◆ Aim of the task ◆
Write out, word for word and with no pictures, each line below from the one containing "Women'S Casual Solid" through the one containing "Photo by: Deepak", both included, and no other line.

*** Material supplied ***

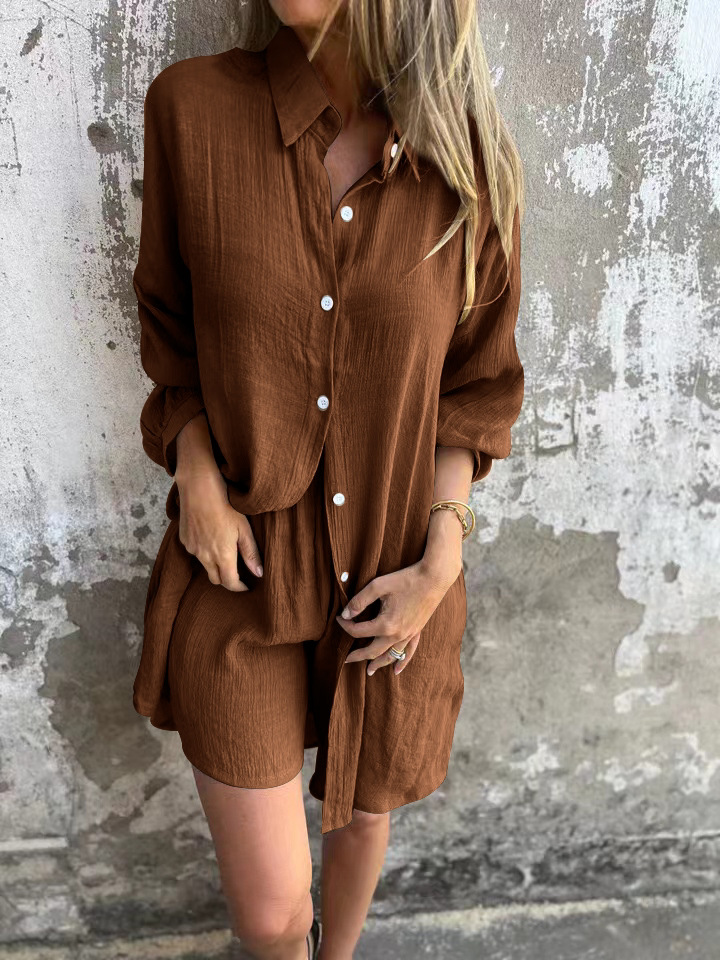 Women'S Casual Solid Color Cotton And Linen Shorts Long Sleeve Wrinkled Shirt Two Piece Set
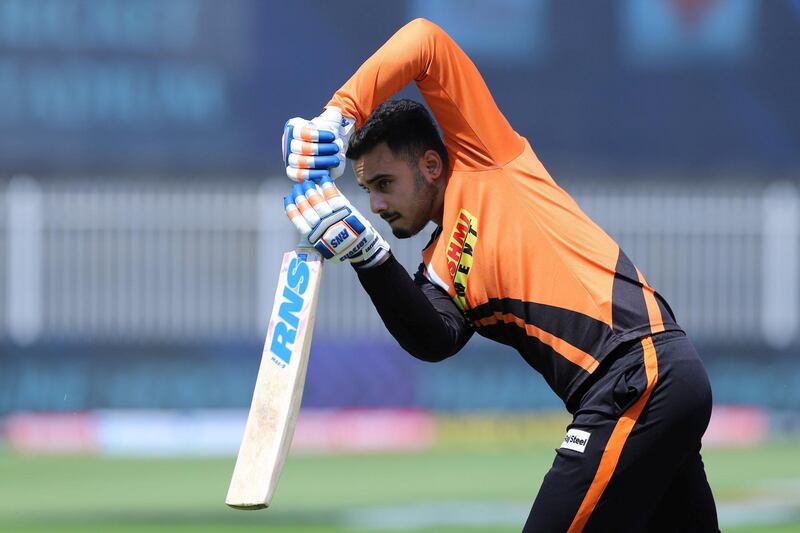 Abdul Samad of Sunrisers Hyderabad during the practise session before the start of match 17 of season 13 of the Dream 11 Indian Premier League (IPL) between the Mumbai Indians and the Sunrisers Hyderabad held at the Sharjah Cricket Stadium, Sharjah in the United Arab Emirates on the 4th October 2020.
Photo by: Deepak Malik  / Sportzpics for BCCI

***
*** Material supplied ***

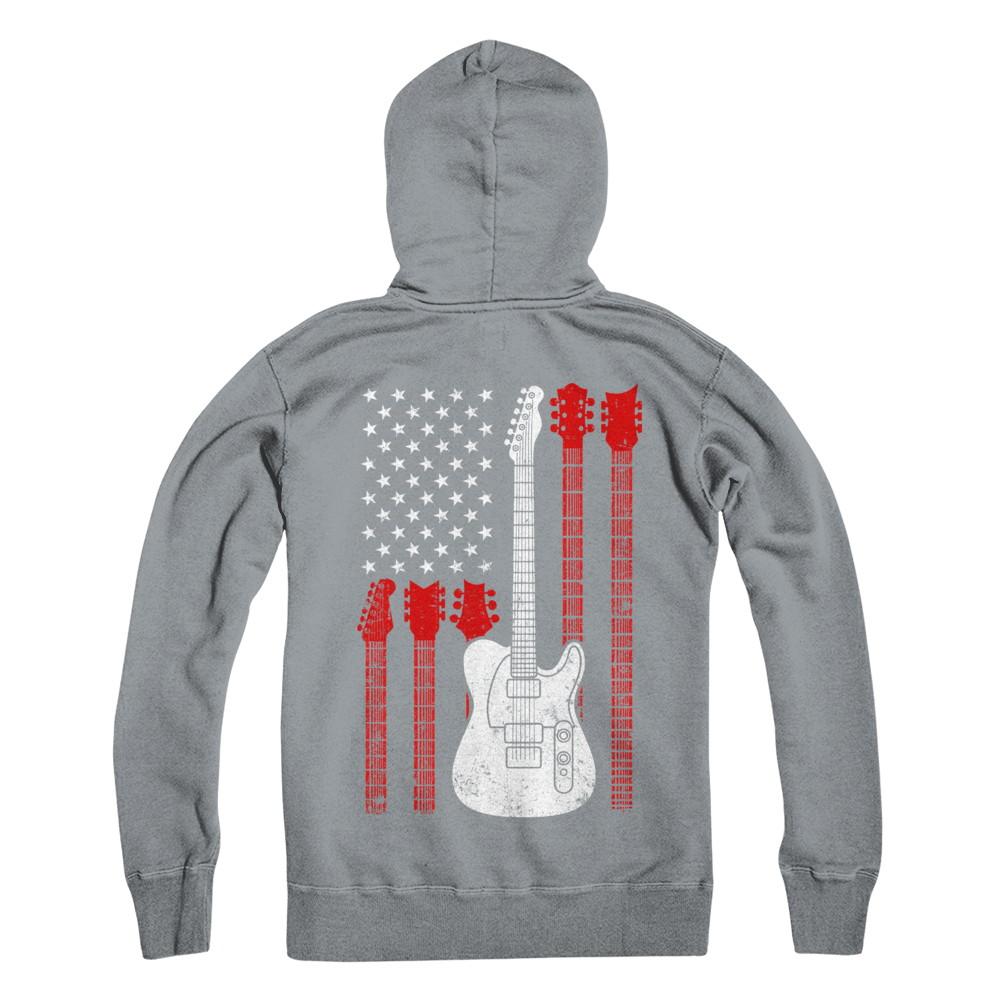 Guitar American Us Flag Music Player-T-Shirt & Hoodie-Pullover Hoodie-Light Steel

***

◆ Task response ◆
 Women'S Casual Solid Color Cotton And Linen Shorts Long Sleeve Wrinkled Shirt Two Piece Set
 Abdul Samad of Sunrisers Hyderabad during the practise session before the start of match 17 of season 13 of the Dream 11 Indian Premier League (IPL) between the Mumbai Indians and the Sunrisers Hyderabad held at the Sharjah Cricket Stadium, Sharjah in the United Arab Emirates on the 4th October 2020.
Photo by: Deepak Malik  / Sportzpics for BCCI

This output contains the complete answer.